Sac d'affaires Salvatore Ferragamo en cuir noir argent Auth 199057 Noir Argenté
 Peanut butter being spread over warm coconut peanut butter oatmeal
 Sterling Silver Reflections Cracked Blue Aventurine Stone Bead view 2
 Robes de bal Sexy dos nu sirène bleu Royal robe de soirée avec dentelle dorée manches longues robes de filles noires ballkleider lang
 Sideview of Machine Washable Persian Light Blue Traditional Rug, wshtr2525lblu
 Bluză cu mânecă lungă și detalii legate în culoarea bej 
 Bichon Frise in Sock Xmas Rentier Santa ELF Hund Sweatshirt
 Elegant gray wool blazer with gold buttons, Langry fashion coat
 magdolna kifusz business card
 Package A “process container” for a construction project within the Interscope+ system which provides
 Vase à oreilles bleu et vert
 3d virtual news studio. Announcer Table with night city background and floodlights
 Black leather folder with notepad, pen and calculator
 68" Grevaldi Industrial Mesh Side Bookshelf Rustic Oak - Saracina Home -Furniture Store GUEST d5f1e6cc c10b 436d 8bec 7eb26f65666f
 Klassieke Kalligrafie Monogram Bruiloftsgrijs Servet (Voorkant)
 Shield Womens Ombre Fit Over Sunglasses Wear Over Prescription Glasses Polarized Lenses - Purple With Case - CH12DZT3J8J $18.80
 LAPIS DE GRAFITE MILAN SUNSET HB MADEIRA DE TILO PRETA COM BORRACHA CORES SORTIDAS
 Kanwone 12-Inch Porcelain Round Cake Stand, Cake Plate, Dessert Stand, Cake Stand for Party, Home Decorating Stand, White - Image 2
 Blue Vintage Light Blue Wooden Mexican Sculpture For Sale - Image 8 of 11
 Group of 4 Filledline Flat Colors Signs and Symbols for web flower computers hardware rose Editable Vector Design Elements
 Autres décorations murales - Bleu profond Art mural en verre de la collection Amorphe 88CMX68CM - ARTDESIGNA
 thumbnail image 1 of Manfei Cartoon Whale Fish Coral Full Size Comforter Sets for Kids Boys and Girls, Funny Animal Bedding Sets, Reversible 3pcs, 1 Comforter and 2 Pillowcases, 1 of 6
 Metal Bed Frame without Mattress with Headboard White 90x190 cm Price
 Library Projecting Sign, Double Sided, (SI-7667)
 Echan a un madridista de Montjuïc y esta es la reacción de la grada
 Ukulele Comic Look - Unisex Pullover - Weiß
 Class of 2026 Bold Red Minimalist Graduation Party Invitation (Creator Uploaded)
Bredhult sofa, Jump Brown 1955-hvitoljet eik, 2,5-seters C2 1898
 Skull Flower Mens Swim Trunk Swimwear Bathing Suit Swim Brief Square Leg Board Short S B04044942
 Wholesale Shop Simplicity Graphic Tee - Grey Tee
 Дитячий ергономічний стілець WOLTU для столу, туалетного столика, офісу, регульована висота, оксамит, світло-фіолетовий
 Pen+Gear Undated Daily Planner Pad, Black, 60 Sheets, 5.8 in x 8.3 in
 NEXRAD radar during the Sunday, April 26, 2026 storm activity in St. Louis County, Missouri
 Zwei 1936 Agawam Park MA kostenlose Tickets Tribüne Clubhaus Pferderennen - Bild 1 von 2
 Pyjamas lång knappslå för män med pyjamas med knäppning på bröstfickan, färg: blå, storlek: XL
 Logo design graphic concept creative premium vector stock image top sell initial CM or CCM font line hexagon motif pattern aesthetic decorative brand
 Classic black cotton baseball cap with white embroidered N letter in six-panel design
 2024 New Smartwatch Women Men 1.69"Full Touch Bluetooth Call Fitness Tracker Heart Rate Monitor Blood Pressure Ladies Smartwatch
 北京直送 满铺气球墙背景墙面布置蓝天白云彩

==================================================

Task directions
Both the line containing "Blue Vintage Light" and the line containing "2024 New Smartwatch" belong in the answer. Print them and every line above that falls between them exactly, and no others.

Written solution
 Blue Vintage Light Blue Wooden Mexican Sculpture For Sale - Image 8 of 11
 Group of 4 Filledline Flat Colors Signs and Symbols for web flower computers hardware rose Editable Vector Design Elements
 Autres décorations murales - Bleu profond Art mural en verre de la collection Amorphe 88CMX68CM - ARTDESIGNA
 thumbnail image 1 of Manfei Cartoon Whale Fish Coral Full Size Comforter Sets for Kids Boys and Girls, Funny Animal Bedding Sets, Reversible 3pcs, 1 Comforter and 2 Pillowcases, 1 of 6
 Metal Bed Frame without Mattress with Headboard White 90x190 cm Price
 Library Projecting Sign, Double Sided, (SI-7667)
 Echan a un madridista de Montjuïc y esta es la reacción de la grada
 Ukulele Comic Look - Unisex Pullover - Weiß
 Class of 2026 Bold Red Minimalist Graduation Party Invitation (Creator Uploaded)
Bredhult sofa, Jump Brown 1955-hvitoljet eik, 2,5-seters C2 1898
 Skull Flower Mens Swim Trunk Swimwear Bathing Suit Swim Brief Square Leg Board Short S B04044942
 Wholesale Shop Simplicity Graphic Tee - Grey Tee
 Дитячий ергономічний стілець WOLTU для столу, туалетного столика, офісу, регульована висота, оксамит, світло-фіолетовий
 Pen+Gear Undated Daily Planner Pad, Black, 60 Sheets, 5.8 in x 8.3 in
 NEXRAD radar during the Sunday, April 26, 2026 storm activity in St. Louis County, Missouri
 Zwei 1936 Agawam Park MA kostenlose Tickets Tribüne Clubhaus Pferderennen - Bild 1 von 2
 Pyjamas lång knappslå för män med pyjamas med knäppning på bröstfickan, färg: blå, storlek: XL
 Logo design graphic concept creative premium vector stock image top sell initial CM or CCM font line hexagon motif pattern aesthetic decorative brand
 Classic black cotton baseball cap with white embroidered N letter in six-panel design
 2024 New Smartwatch Women Men 1.69"Full Touch Bluetooth Call Fitness Tracker Heart Rate Monitor Blood Pressure Ladies Smartwatch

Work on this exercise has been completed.